Cardiovascular Unit, John Hunter Hospital, University of Newcastle, Newcastle, New South Wales, Australia.
Intern Med J. 2012 Mar;42(3):289-93. doi: 10.1111/j.1445-5994.2010.02260.x. Epub 2010 May 11.
The adverse effect of haemorrhagic complications after percutaneous coronary intervention (PCI) on outcome is well established with Helicobacter pylori infection known to be an important precipitant of peptic ulcer disease in patients receiving non-steroidal anti-inflammatory drug therapy. The prevalence of H. pylori positivity in patients undergoing PCI and receiving subsequent antiplatelet therapy is unknown.
We sought to determine the prevalence and features associated with H. pylori positivity in patients undergoing PCI.
All patients undergoing PCI between August 2008 and April 2009 were identified and assessed for H. pylori positivity with serological status determined by using a commercially supplied enzyme-linked immunosorbent assay.
A total of 245 patients undergoing PCI during the study period had samples obtained for H. pylori serology. Of these, 91 were positive for H. pylori serology (37%) and 148 were negative (60%) with six samples being equivocal (3%). Of those patients positive for H. pylori, 75% were on agents at admission known to promote or precipitate gastrointestinal haemorrhage. Patients positive for H. pylori tended to be older, with increased creatinine and more likely to be receiving proton pump inhibitor therapy.

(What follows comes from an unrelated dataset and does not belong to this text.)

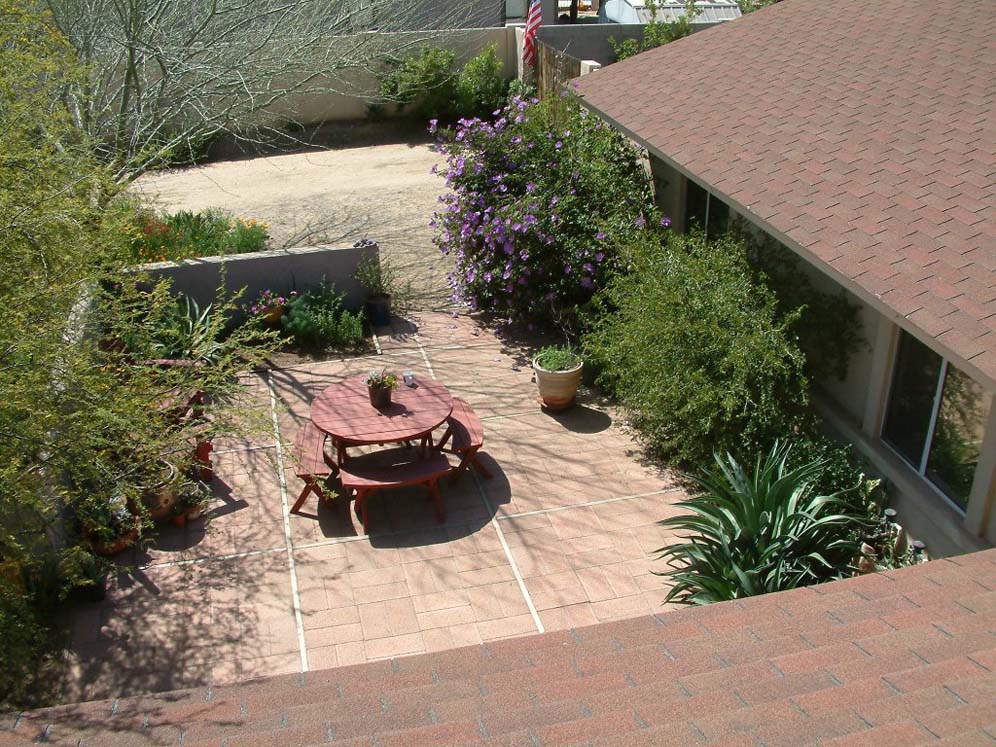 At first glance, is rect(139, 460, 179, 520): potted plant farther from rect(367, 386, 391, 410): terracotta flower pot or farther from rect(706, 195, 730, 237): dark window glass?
rect(706, 195, 730, 237): dark window glass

In an unselected cohort of patients undergoing PCI in a single centre, we detected a prevalence of H. pylori positivity in 37% of patients; this denotes a potentially treatable precipitant of haemorrhage in a considerable portion of patients receiving dual antiplatelet therapy after PCI. Further prospective study is required to determine if the presence of H. pylori positivity is associated with adverse events in terms of gastrointestinal and cardiac outcomes.
经皮冠状动脉介入治疗(PCI)后出血并发症对预后的不良影响已得到充分证实,已知幽门螺杆菌(H. pylori)感染是接受非甾体抗炎药治疗的患者发生消化性溃疡病的重要诱发因素。接受 PCI 并随后接受抗血小板治疗的患者中 H. pylori 阳性的患病率尚不清楚。
我们旨在确定接受 PCI 的患者中 H. pylori 阳性的患病率及其相关特征。
确定 2008 年 8 月至 2009 年 4 月期间接受 PCI 的所有患者,并使用商业供应的酶联免疫吸附试验通过血清学状态评估 H. pylori 阳性情况。
在研究期间接受 PCI 的 245 例患者中有样本用于 H. pylori 血清学检查。其中,91 例 H. pylori 血清学阳性(37%),148 例 H. pylori 血清学阴性(60%),6 例结果不确定(3%)。H. pylori 阳性患者中,75%的患者入院时使用已知可促进或诱发胃肠道出血的药物。H. pylori 阳性患者年龄较大,肌酐升高,更有可能接受质子泵抑制剂治疗。
在单中心的一组未经选择的接受 PCI 的患者中,我们发现 37%的患者存在 H. pylori 阳性,这意味着在相当一部分接受 PCI 后接受双联抗血小板治疗的患者中,存在潜在可治疗的出血诱发因素。需要进一步前瞻性研究来确定 H. pylori 阳性是否与胃肠道和心脏结局的不良事件相关。